To determine $𝑃(𝐴\cap 𝐵)+𝑃(𝐴\cap {𝐵}^{\mathrm{\prime }})+𝑃({𝐴}^{\mathrm{\prime }}\cap 𝐵)$, let's use the properties of probability and set theory.

Firstly, let's understand the notation:

• $𝐴$ and $𝐵$ are events.
• ${𝐴}^{\mathrm{\prime }}$ is the complement of event $𝐴$ (i.e., ${𝐴}^{\mathrm{\prime }}$ happens when $𝐴$ does not happen).
• ${𝐵}^{\mathrm{\prime }}$ is the complement of event $𝐵$ (i.e., $𝐵$ happens when $𝐵$ does not happen).
• $\cap$ denotes the intersection of two events (i.e., both events occur).

Let's decompose the events within the probability space:

1. $𝐴\cap 𝐵$ is the event that both $𝐴$ and $𝐵$ occur.
2. $𝐴\cap {𝐵}^{\mathrm{\prime }}$ is the event that $𝐴$ occurs and $𝐵$ does not occur.
3. ${𝐴}^{\mathrm{\prime }}\cap 𝐵$ is the event that $𝐴$ does not occur and $𝐵$ occurs.
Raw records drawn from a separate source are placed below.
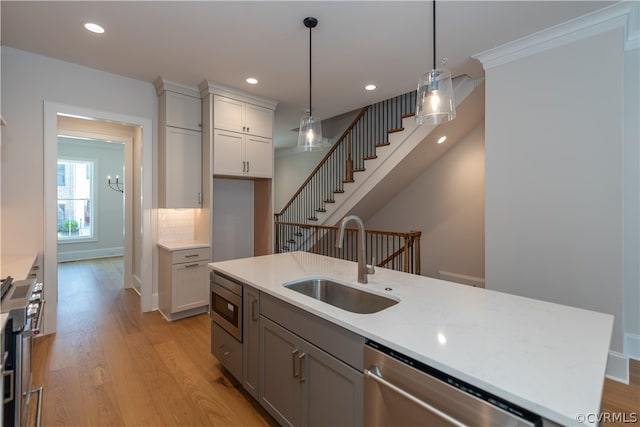 kitchen featuring appliances with stainless steel finishes, light hardwood / wood-style flooring, sink, hanging light fixtures, and ornamental molding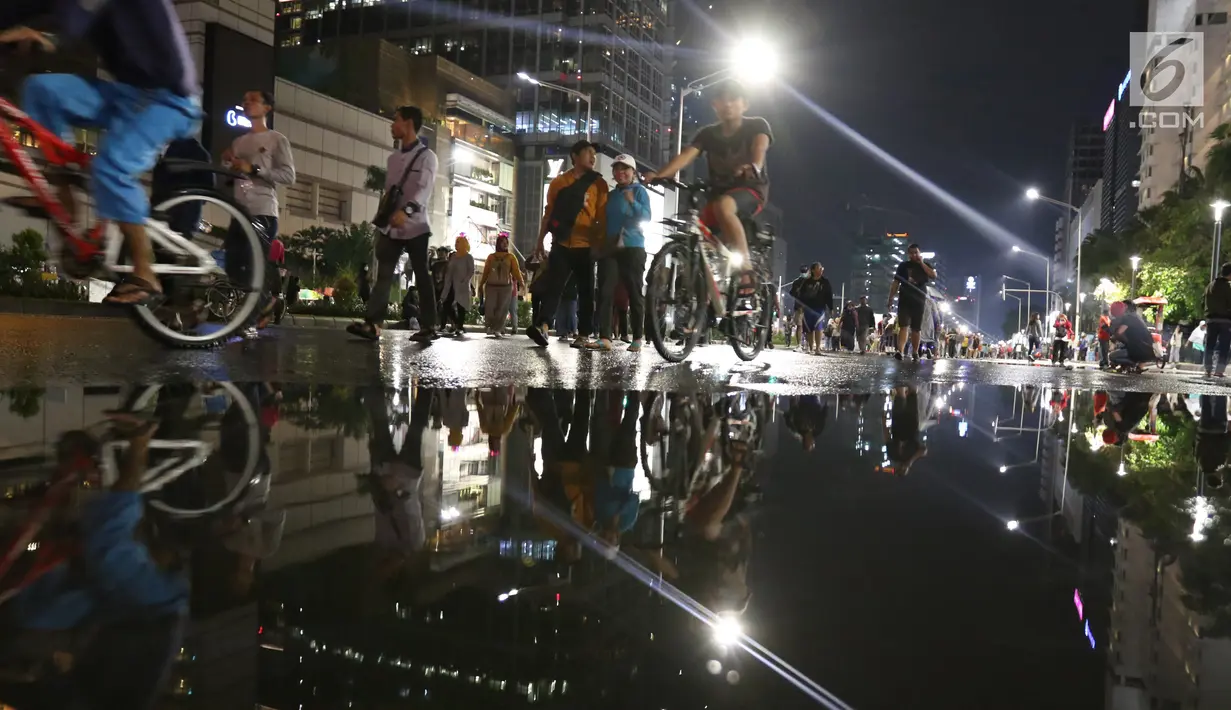 Warga menikmati car free night saat malam pergantian tahun di Jalan MH Thamrin, Jakarta, Senin (31/12). Hujan yang mengguyur Jakarta sejak siang tidak menyurutkan antusias warga menikmati car free night. (Liputan6.com/Angga Yuniar)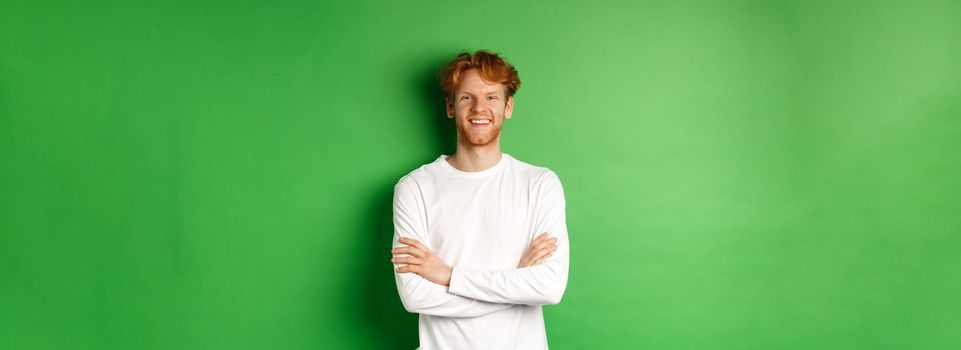 Young ambitious man with red hair standing over green background, holding hands crossed on chest and smiling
Now, let's visualize these events using a Venn diagram of events $𝐴$ and $𝐵$:

• The entire sample space $𝑆$ can be divided into four mutually exclusive regions:
1. $𝐴\cap 𝐵$ - Both $𝐴$ and $𝐵$ occur.
2. $𝐴\cap {𝐵}^{\mathrm{\prime }}$ - $𝐴$ occurs and $𝐵$ does not occur.
3. ${𝐴}^{\mathrm{\prime }}\cap 𝐵$ - $𝐴$ does not occur and $𝐵$ occurs.
4. ${𝐴}^{\mathrm{\prime }}\cap {𝐵}^{\mathrm{\prime }}$ - Neither $𝐴$ nor $𝐵$ occurs.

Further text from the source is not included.